From Forbes, Richard Epstein writes about the distinction between independent contractors and employees both under traditional law and the current situation with lawsuits against Lyft and Uber. He writes:
“Under traditional law, an independent contractor receives a fee for the services he performs, but otherwise runs his own business as he pleases. In contrast, an employee works for an employer who pays him a wage in exchange for a bundle of services that are subject to the employer’s close supervision. In an unregulated market, this distinction has little effect on how new businesses operate. The two parties to the agreement can decide to call their business by one name or by the other, and the only consequences are on the terms of their contract. Nor in an open market are they confined to structure their relationship in strict accordance with either of these two pure forms. The forms are guides. They are not Procrustean beds. If they don’t fit the case, the parties are free to fine-tune their relationships by adding some terms and eliminating others in ways that suit their business needs. Nor must all parties march off in unison in the same direction. They can each use their own separate modifications. The job of judges is not to second-guess that choice of forms, but to enforce the agreement as it is written.
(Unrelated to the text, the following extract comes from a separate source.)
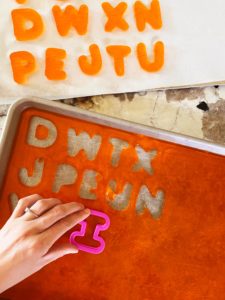 Finger Jello | Finger Jello Recipe | Jello Finger Blocks | Jello Jigglers Recipe | Jello Jigglers Directions | Jello Jiggler Dessert | Making finger jello is a great way for kids to learn colors, shapes, letters ... it's a fun way to eat a snack! #jello #kids #kidsactivities #snack #recipe #learning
The evolution of legal transactions is thus driven by market pressures, rather than by judicial fiat. Now that labor markets are extensively regulated, the private evolution has been brought to a screeching halt. No longer does the distinction between an independent contractor and employee give a first approximation of the attention of the parties. Destroy the contractor arrangement carries with it enormous economic consequences. Under current law, the independent contractor arrangement is not highly regulated. In stark contrast, every aspect of the standard employment contract is subject to massive government regulation.
In the current San Francisco class actions, the plaintiffs claim that they are really employees and not independent contractors. As employees, they further claim that they are now entitled to receive reimbursement for their operating expenses, which include both ordinary maintenance and the cost of fuel. But it is not just these costs that are at issue in this choice of classification. Now these newly minted employees are entitled to seek union representation, which is not available to independent contractors under the National Labor Relations Act. In addition, Congress and the states have larded on additional burdens, including unemployment insurance, social security benefits, overtime pay, family leave, and much more.
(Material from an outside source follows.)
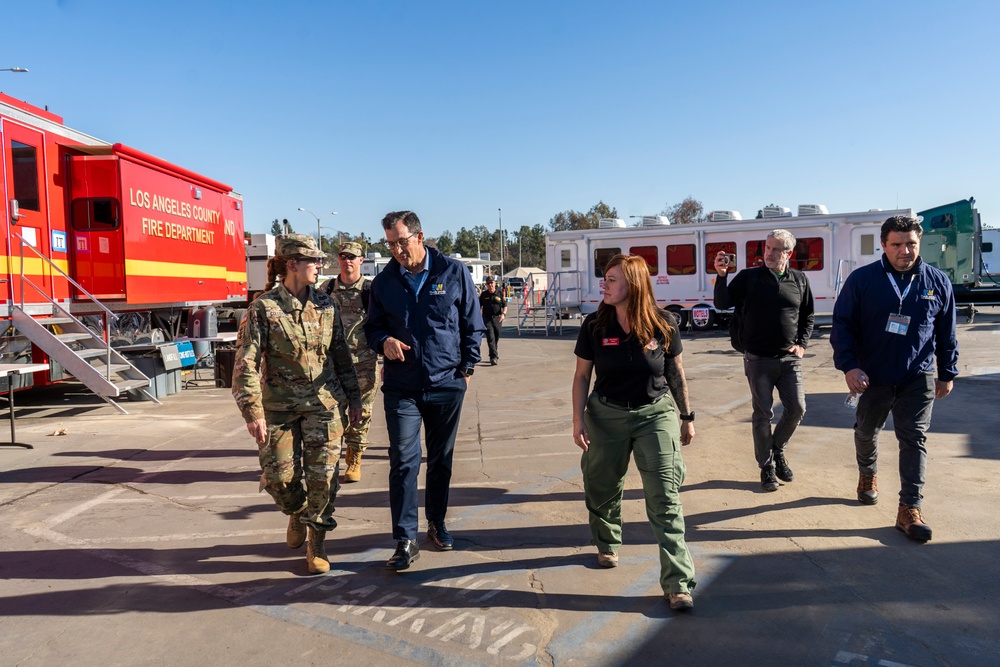 Deputy commanding general meets with LA County, discusses wildfires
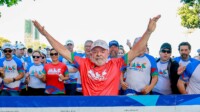 Lula participa de ‘caminhada da soberania educacional do Brasil’ ao lado de ministros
Putting Uber and Lyft drivers into the employee box thus has two consequences. In the instant case, it results in a large, one-time cash transfer to the drivers. In the long run, however, the entire set of regulations is capable of transforming the business for the worse, by casting massive doubt on a successful business model. At the very least, the base salary will go down to offset the additional benefits that the companies will need to supply to the drivers. If that were the only effect of the official judicial characterization, the workers would get a lower base pay and higher fringes. The adjustments would look like a reduction in base pay under the Fair Labor Standards Act, as an offset for higher fringes over time….”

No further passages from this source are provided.